= The Ritual of Embalming Papyrus =

Papyrus on mummification practices in Ancient Egypt

The Ritual of Embalming Papyrus or Papyrus of the Embalming Ritual is one of only two extant papyri which detail anything at all about the practices of mummification used within the burial practices of Ancient Egyptian culture.

One version of the papyri is held in the Egyptian Museum, Cairo (Pap. Boulaq No.3) and the other is in the Louvre (No. 5158).

==The papyri==
The papyrus in Cairo was discovered in 1857, within a tomb in Thebes. It represents the last ten pages of a work of which all other pages are lost; of these, eight were in a good condition.
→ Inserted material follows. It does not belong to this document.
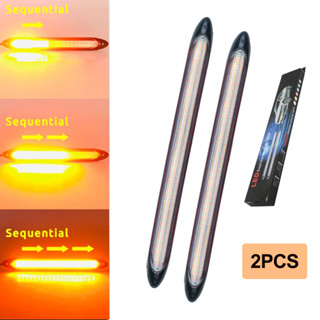 Bộ Đèn led 2 Món Chuyên Dụng Cho Xe Hơi [2]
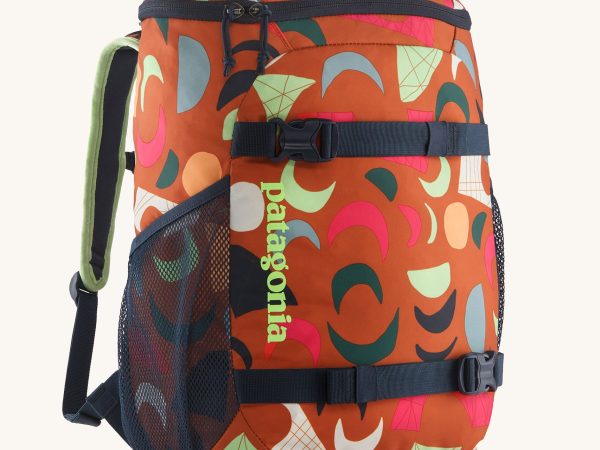 Patagonia Kids Refugito Day Pack 18L - Mirage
The Louvre papyrus gives the same information as is found on the last two pages of the Cairo document.

Both are copies made in hieratic script, with Demotic notation, during the Roman period, and were copied from a single earlier text.

The papyri probably date to the 1st century AD and contain specifically information on eleven acts of anointing of the body, the wrapping and placing of internal organs, which had been treated, inside canopic jars, and the act of performing the bandaging of the embalmed corpse to create a mummy.

==The ritual==
The act of mummification described was to be done while prayers and incantations were performed ritualistically.

Persons necessarily present and participating within a performance of the ritual were a master of secrets or stolist (both refer to the same person), a lector, and a divine chancellor or seal-bearer (hetemu-netjer). Of the persons present, the individual who was the hery-sheshta fulfilled the most important and superior position, the hetemu-netjer was next in importance, then the wetiu, who were to wrap the embalmed corpse in material.

The text proceeds in the direction of the embalming the head, toward the feet.

The head was to be wrapped firstly in linen, of this first linen, the embalmer was to obtain the linen from Sais, with a second layer added afterwards.